As I mentioned in my last post, Mecca is entirely absent from the Bible and it really bothers Muslim apologists. There is not a single reference to it or Medina(Yathrib). As I mentioned in my previous post, Adnan Rashid recently had a debate with Samuel Green about Muhammad in the Bible. I pointed out in that post how Sela couldn’t be Medina. I will now show why Paran can’t be Mecca as Rashid claims.
At the 45 minute mark of the debate(link provided in the previous article), Rashid mentions that there is a debate whether Paran is Mecca or in the Sinai peninsula. The Sinai is a far better candidate for Paran than Mecca. Besides, if it was Mecca, why not say Mecca, Becca, or Macoraba. These are the only possible names for Mecca. The first two come from the Quran and the last one is a potential reference to Mecca in Ptolemy’s map of Arabia.
Let’s look at a passage in 1 Kings.
The the Lord raised up against Solomon an adversary, Hadad the Edomite, from the roayl line of Edmon. Earlier when David was fighting with Edom, Joab the commander of the army, who had gone up to bury the dead, had struck down all the men in Edom. Joab and all the Israelites stayed there for six months, until they had destroyed all the men in Edom. But Hadad, still only a boy, fled to Egypt with some Edomite officials who had served his father. They set out from Midian and went to Paran. Then taking people from Paran with them, they went to Egypt, to Pharaoh king of Egypt, who gave Hadad a house and land and provided him with food.
– 1 Kings 11: 14-18
So, Hadad was an Edomite boy who flees to Egypt. He starts from Midian, goes to Paran, then Egypt. I made a map using Google maps and pointed out Edom, Midian, and the two potential locations of Paran – the Sinai and Mecca.
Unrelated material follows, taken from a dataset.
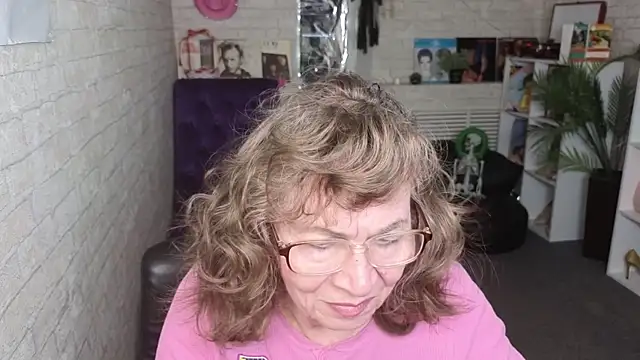 Snapshot of Betty_Brick chatting on April 2026 01:56:02 PM Betty Brick online show from April 2026 01:56:02 PM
Click to enlarge the map. Now, if he’s fleeing from Midian to Egypt, where is it more probable that he went through? Does he go through the Sinai which is on way? Or, does he take a thousand kilometer detour in the opposite direction, then reverse course and go another thousand kilometers back to Egypt? Remember, Hadad fled to Egypt, meaning he didn’t have a lot of time. Did he have time to go through two thousand kilometers of Arabian desert? Obviously not. Paran is somewhere in the Sinai region.
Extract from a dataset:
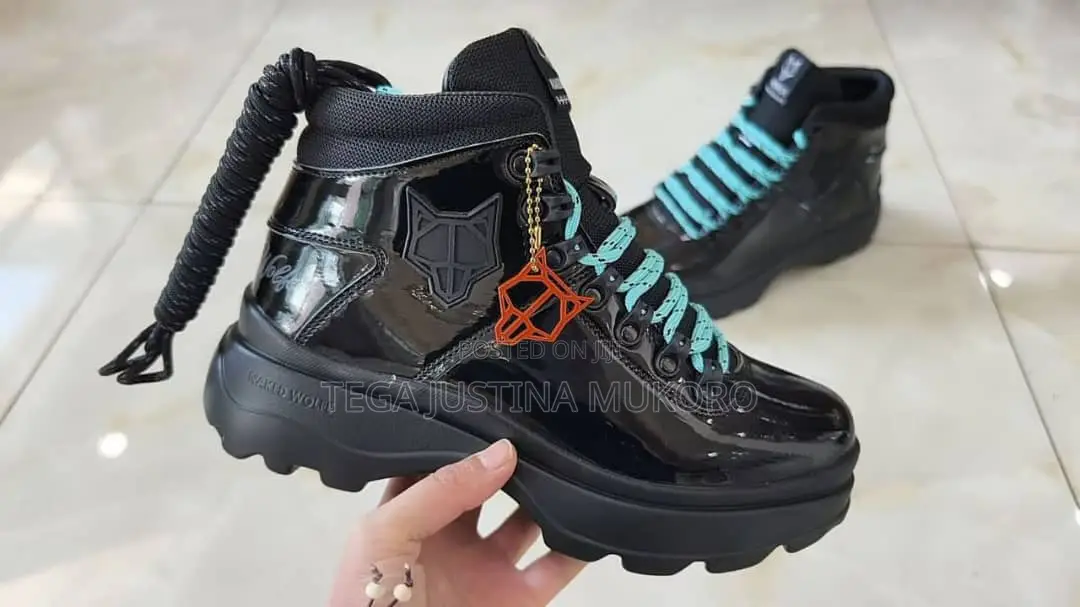 Necked Wolf Boot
Not only is Mecca not in the Bible. It’s almost completely if not completely absent from secular history prior to the 7th or even 8th century. That’s the reason why many people are coming up with theories that Islam started in Northern Arabia, Petra, or other regions north of the Hijaz.
I have one more Biblical passage for Adnan Rashid and it involves Ishmael and the covenant.
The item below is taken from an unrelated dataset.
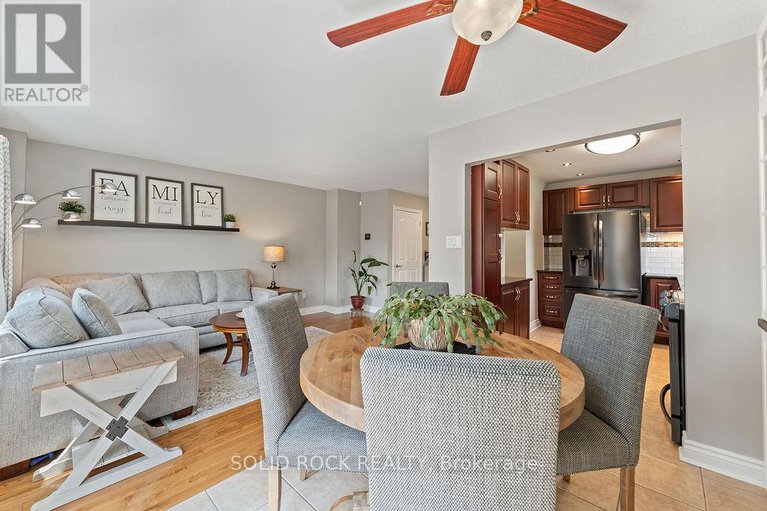 28618076/33-benlark-road/on-the-green/ottawa/ontario/K2J2L5_16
Then God said, “Yes, but your wife Sarah will bear you a son, and you will call him Isaac. I will establish my covenant with him as an everlasting covenant for his descendants after him. And as for Ishmael, I have heard you: I will sure bless him; I will make him fruitful and will greatly increase his numbers. He will be the father of twelve rulers, and I will make him into a great nation. But my covenant I will establish with Isaac, whom Sarah will bear to you by this time next year.”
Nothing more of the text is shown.